— WHAT YOU NEED TO DO —
Each line below is to be written out in full, exactly as shown.

Items listed in a dataset
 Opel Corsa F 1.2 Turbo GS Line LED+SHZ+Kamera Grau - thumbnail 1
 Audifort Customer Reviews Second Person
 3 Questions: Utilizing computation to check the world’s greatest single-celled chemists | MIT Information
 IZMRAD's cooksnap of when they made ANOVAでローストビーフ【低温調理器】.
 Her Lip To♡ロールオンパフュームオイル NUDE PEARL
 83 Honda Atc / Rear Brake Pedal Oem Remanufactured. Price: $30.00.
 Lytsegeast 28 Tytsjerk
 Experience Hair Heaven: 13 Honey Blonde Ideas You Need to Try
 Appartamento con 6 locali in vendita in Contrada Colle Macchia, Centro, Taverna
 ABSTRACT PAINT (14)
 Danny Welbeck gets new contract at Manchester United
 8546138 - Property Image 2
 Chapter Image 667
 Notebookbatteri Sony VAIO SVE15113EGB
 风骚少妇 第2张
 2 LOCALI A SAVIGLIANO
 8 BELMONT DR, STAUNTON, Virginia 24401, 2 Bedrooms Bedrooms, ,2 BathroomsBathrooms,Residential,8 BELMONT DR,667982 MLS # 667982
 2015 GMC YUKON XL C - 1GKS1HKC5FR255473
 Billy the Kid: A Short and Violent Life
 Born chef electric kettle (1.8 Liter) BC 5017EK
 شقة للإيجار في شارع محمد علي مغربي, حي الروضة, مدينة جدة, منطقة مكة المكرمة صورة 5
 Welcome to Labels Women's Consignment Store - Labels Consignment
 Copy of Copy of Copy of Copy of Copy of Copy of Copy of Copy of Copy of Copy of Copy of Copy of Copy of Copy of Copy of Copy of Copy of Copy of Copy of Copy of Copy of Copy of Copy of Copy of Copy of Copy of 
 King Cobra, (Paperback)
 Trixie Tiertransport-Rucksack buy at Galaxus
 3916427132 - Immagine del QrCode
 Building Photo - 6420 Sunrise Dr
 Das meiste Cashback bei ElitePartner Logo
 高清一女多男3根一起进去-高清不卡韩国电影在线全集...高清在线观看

— REPLY —
 Opel Corsa F 1.2 Turbo GS Line LED+SHZ+Kamera Grau - thumbnail 1
 Audifort Customer Reviews Second Person
 3 Questions: Utilizing computation to check the world’s greatest single-celled chemists | MIT Information
 IZMRAD's cooksnap of when they made ANOVAでローストビーフ【低温調理器】.
 Her Lip To♡ロールオンパフュームオイル NUDE PEARL
 83 Honda Atc / Rear Brake Pedal Oem Remanufactured. Price: $30.00.
 Lytsegeast 28 Tytsjerk
 Experience Hair Heaven: 13 Honey Blonde Ideas You Need to Try
 Appartamento con 6 locali in vendita in Contrada Colle Macchia, Centro, Taverna
 ABSTRACT PAINT (14)
 Danny Welbeck gets new contract at Manchester United
 8546138 - Property Image 2
 Chapter Image 667
 Notebookbatteri Sony VAIO SVE15113EGB
 风骚少妇 第2张
 2 LOCALI A SAVIGLIANO
 8 BELMONT DR, STAUNTON, Virginia 24401, 2 Bedrooms Bedrooms, ,2 BathroomsBathrooms,Residential,8 BELMONT DR,667982 MLS # 667982
 2015 GMC YUKON XL C - 1GKS1HKC5FR255473
 Billy the Kid: A Short and Violent Life
 Born chef electric kettle (1.8 Liter) BC 5017EK
 شقة للإيجار في شارع محمد علي مغربي, حي الروضة, مدينة جدة, منطقة مكة المكرمة صورة 5
 Welcome to Labels Women's Consignment Store - Labels Consignment
 Copy of Copy of Copy of Copy of Copy of Copy of Copy of Copy of Copy of Copy of Copy of Copy of Copy of Copy of Copy of Copy of Copy of Copy of Copy of Copy of Copy of Copy of Copy of Copy of Copy of Copy of 
 King Cobra, (Paperback)
 Trixie Tiertransport-Rucksack buy at Galaxus
 3916427132 - Immagine del QrCode
 Building Photo - 6420 Sunrise Dr
 Das meiste Cashback bei ElitePartner Logo
 高清一女多男3根一起进去-高清不卡韩国电影在线全集...高清在线观看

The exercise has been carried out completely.